The characters come alive through a strong narrative. It’s not necessary to have read Pride and Prejudice to enjoy Longbourn; it stands on its own quite well. If you fancy yourself a Janeite, however, I think you’d truly enjoy this piece for a fresh perspective on a most beloved literary world.

Friday, October 30, 2015

All Hallow's Eve with the Bibliophiles

In my second book, Until My Soul Gets It Right, members of the bibliophiles book club take a field trip to All Hallow's Eve at Naper Settlement, an outdoor living history museum. I thought it might be fun to share their experience here. Happy Halloween!

Excerpt from Until My Soul Gets It Right 

Copyright © 2012 by Karen Wojcik Berner

Maple trees blazed brilliant reds and oranges, while elms burst golden yellows. Leaves of all sizes rode through the sky on gentle breezes, while the sun presided over this glorious sixty-three-degree day. Pumpkins rested on doorsteps and house stairs, waiting to be carved. Ghouls hung from trees. Graveyards sprouted up on front lawns. Catherine had forgotten how much she enjoyed Halloween in the Midwest. The purples, rusts, and golds of the mums. The front bushes covered in fake spider webs. There was mischief in the air. “Sure you don’t want to come?” she asked Will while fluffing her hair.
“No, you go ahead. I’m exhausted.” Golfing eighteen holes, plus cutting and edging the lawn was plenty for one Saturday. “Besides, Michigan is playing Nebraska tonight.”
Never a big football fan, Catherine was grateful to be spared. “Dave and John from As You Like It are going to be doing Dr. Jekyll and Mr. Hyde. Should be great.”
Edwina Hipplewhite had decided on another bibliophile field trip. This time, it was All Hallow’s Eve at Naper Settlement, a nineteenth-century scare fest the highlight of which would be the Headless Horseman’s ride through the grounds.
Catherine bent over and kissed a spent, lounging-on-the-sofa Will.
“Have a great time, honey.” Will waved her off, grateful for some time alone.

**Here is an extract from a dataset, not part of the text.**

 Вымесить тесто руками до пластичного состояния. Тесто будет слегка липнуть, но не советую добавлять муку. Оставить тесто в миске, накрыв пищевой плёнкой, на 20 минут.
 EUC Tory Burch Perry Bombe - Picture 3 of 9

Work had been crazy lately. Not wanting to be accused of giving his son any special privileges, Benjamin was pushing Will twice as hard as any other employee.
He turned on the television and took a sip of his beer.

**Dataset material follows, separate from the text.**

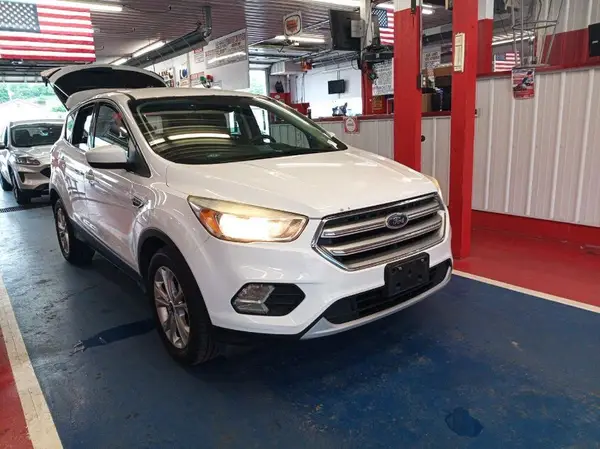 1FMCU0GD2HUD67783 2017 FORD ESCAPE - Image 2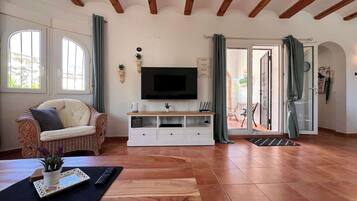 TV, fireplace, offices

Usually, Naper Settlement was a tranquil place, an outdoor living history museum, featuring some thirty buildings, each with costumed villagers telling nineteenth-century tales of how the area had grown from a frontier outpost to a bustling, turn-of-the century community. But tonight, all was different.
The settlement was cloaked in the darkness of night, lit only by kerosene lamps and the orange glow of campfires. They were to meet at the firehouse entrance at seven o’clock. Miss Hipplewhite flounced in, encircled by a large red cape. “Glad to see you, my darlings. Is everyone dressed warmly enough? There is a bit of chill in the air tonight.” Looking directly at Spring, she continued, “especially you, my sweet little waif of a thing. Would you like to borrow my gloves?”
“Got ’em.” Spring tapped her right side. “In my pocket.” She made sure to wear her thickest jeans and winter coat this evening, knowing the temperatures would dip into the forties by the end of the night. Although born in the Chicago area, Spring still was not accustomed to the coolness of fall nor winter’s vile clutches. Come to think of it, she was cold during every season.
“All right then, let us commence with a quick tour of the torture dungeon in the Blacksmith’s Shop, then it is off to Dracula’s Lair.”
The bibliophiles walked past the ghost pirate ship. “Look! There is a séance in the chapel,” said Sarah.
“Ironic, isn’t it?” Larry worked his way in between Sarah and Annie.
“Anyone want to get their fortune told?” Rosemary pointed to three white tents.
“What a pile of crap! They’ll always say something like ‘You are in love with someone, but she doesn’t know it.’ What bullshit!”
“Scared, Larry?” Rosemary chided.
“Hello no.”
“Then, let’s do it.”
Edwina clapped her hands. “What fun this will be! Maybe she will predict what next month’s book will be. Come on, there is no line.”
Rosemary, Larry, and Edwina all entered the tents.
“Are you going to do this?” Annie asked Sarah.
“Why bother? I already know my future. Laundry, car pools, and nagging about homework.”
Larry emerged from the tent. “See, I told you. I’m in love with someone, and she doesn’t know it. I should be a fortune teller.”
“Is it true?” asked Thaddeus.
“Please,” Larry grumbled. “I’ll go get in line for the Dracula thing while the rest of you suckers finish up here.”
“Go ahead, Spring. You’re next.”
“No, thank you, Thaddeus. This stuff messes with my aura and personal vibe. I don’t want to know my future.”
“I’ll go,” Annie Jacobs piped up. “I’ve got nothing to lose.”
“I’ll wait for you out here,” Sarah called after her.
Rosemary came out of her tent, a small smirk decorating her mouth.
“What did she say?”
“Nothing I don’t already know, Sarah. Where are the rest?”
“Off to join Larry in line for Dracula’s Lair.”
Edwina Hipplewhite had not come out yet. Sarah wondered what that meant.
Inside one of the tents, Annie sat across from a woman dressed like the stereotypical gypsy everyone has seen in movies, complete with scarves and gold bangles. The woman moved the crystal ball aside. “Give me your hand. You have a powerful aura.” The pretend-gypsy studied Annie’s hand for several minutes.
“Okay, really, I need to get back to my friends. Can you speed this up a bit?”
“I see you with a little girl. A little girl with Winnie-the-Pooh sneakers and pigtails.”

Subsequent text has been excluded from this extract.